I’m not the type of person that gets emotional about a lot of things, but this was definitely one of the times I did.
I was out mowing my lawn when my phone, which I always keep on do-not-disturb mode, hummed. I let the call go to voicemail thinking that I would listen to it once I finished cutting the grass.
But when my phone immediately buzzed again, I shut down the engine and called the Toronto number. I still have a hard time believing what I heard.
Lanny McDonald and Ron Francis, two former NHL greats, were on speaker phone at the other end. They told me that I was one of eight inductees into the Hockey Hall of Fame.
If you had a camera on me at that moment, sitting there alone on my front porch thinking about what just happened, you would have seen me tear up.
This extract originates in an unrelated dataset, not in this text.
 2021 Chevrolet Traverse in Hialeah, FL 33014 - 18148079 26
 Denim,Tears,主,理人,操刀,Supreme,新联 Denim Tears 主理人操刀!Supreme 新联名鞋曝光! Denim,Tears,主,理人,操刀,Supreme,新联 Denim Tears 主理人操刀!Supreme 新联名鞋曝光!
I was not expecting news like that at all.
It wouldn’t surprise me if my fellow inductees in 2025 – Jennifer Botterill, Zdeno Chara, Duncan Keith, Alexander Mogilny, Jack Parker, Daniele Sauvageau and Joe Thornton – all had similar reactions.
The same goes for the 299 players, 115 builders and 16 on-ice officials indoctrinated since 1945 into the world’s most prestigious hall of fame devoted to hockey.
Of course, that same feeling most likely existed for the 10 other women who have been inducted since the initial group in 2010, especially Cammi Granato, the first American to be so honored.